Requirement:
Repeat the listing exactly. The images do not belong in the copy.

Data block:
* * * * * * * * *

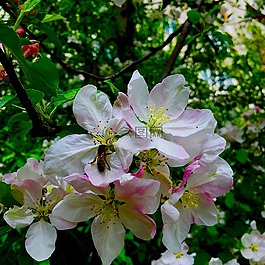 鮮花,春,蜜蜂
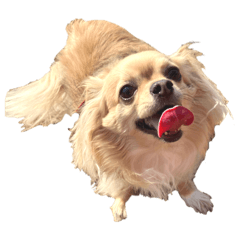 yamamotokeno-inu
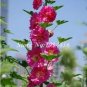200 seeds Miniature Hollyhock Flower Bonsai Plant
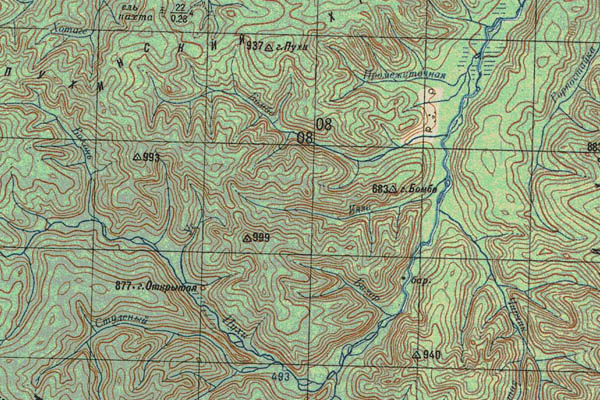 Уменьшенный фрагмент представленной топографической карты L-53-06 - Trasa.ru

* * * * * * * * *

Final answer:
 鮮花,春,蜜蜂
 yamamotokeno-inu
200 seeds Miniature Hollyhock Flower Bonsai Plant
 Уменьшенный фрагмент представленной топографической карты L-53-06 - Trasa.ru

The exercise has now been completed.